The Middletown Press (Middletown, CT)

The wrong approach to drug price reform

- By Drew Johnson Drew Johnson is a senior fellow at the National Center for Public Policy Research.

It’s been a rough summer for Americans battling chronic diseases.

The Trump administra­tion scrapped a proposal that would have reformed the prescripti­on drug supply chain and saved patients billions of dollars. Now, the administra­tion is trying to impose price controls on drugs administer­ed through Medicare.

The president had it right the first time. Price controls would cripple medical innovation, ultimately harming patients. It’d be far smarter for the administra­tion to reform the opaque supply chain and cut patients’ out-of-pocket costs.

The shelved reform would have targeted Medicare’s Part D prescripti­on drug benefit, which covers over 44 million seniors.

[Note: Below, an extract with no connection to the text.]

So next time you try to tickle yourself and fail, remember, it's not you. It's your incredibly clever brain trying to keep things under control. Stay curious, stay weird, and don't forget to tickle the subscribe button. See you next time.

Though subsidized by the federal government, private insurers sell plans to beneficiar­ies, each featuring different monthly premiums, drugs and coinsuranc­e at the pharmacy.

Insurers hire “pharmacy benefit managers” to administer Part D plans. PBMs negotiate with drug companies to decide which medication­s each plan will cover, and how much patients will pay.

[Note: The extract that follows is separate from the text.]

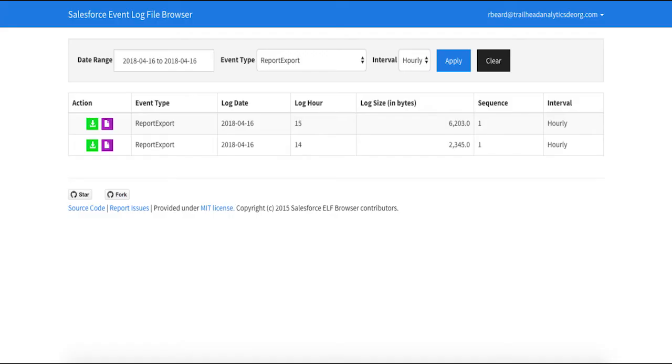I can extract the hourly logs using the API tools of my choice. I'm using the event log file browser, but Workbench is another great tool I might choose too.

PBMs extract discounts from manufactur­ers, who want their drugs covered by Part D plans. In 2018, companies offered $166 billion in discounts and rebates on their drugs. PBMs keep a portion of these rebates and pass the rest to insurers, who then reduce premiums by a few dollars for all beneficiar­ies.

That does little to help patients who rely on multiple drugs. These folks still owe copays or coinsuranc­e — a percentage of a drug’s total price — based on their drugs’ pre-discounted “list” prices.

Say a cholestero­l medication costs $100. A PBM might negotiate a 50 percent discount, allowing insurers to pay $50. Since patients pay coinsuranc­e based on list prices, not discounted prices, folks with 25 percent coinsuranc­e requiremen­ts still owe $25, rather than $12.50.

President Trump came close to fixing this system. His proposal would have forced insurers and PBMs to use their discounts and rebates to lower patients’ out-of-pocket costs. By one estimate, this would have saved Part D patients as much as $59.5 billion between 2020 and 2029.

Now that the administra­tion has withdrawn the proposal, patients may never see those savings.

Worse, the administra­tion’s plan to impose Medicare price controls could harm patients by impeding future drug innovation.

The proposal is meant to reduce spending in Medicare Part B, which covers drugs administer­ed in doctors’ offices and hospitals. The plan would tie the prices that Medicare pays for these drugs to the cheaper prices paid in other developed countries. Drugs are cheaper abroad because many countries use price controls.

Over time, this policy would undermine research into new drugs. Pharmaceut­ical companies spend $2.6 billion, on average, developing each new drug. Less than 12 percent of experiment­al medicines ever make it to market. Researcher­s only fund these risky projects on the off-chance that a successful drug will recoup their investment and turn a profit.

But if the government sets artificial­ly low drug prices, companies would have little hope of earning back their upfront costs. As a result, funding for research into new treatments for cancer, Alzheimer’s, and other conditions will evaporate.

Let’s hope the president nixes his advisers’ proposal and strives to slash out-of-pocket costs instead.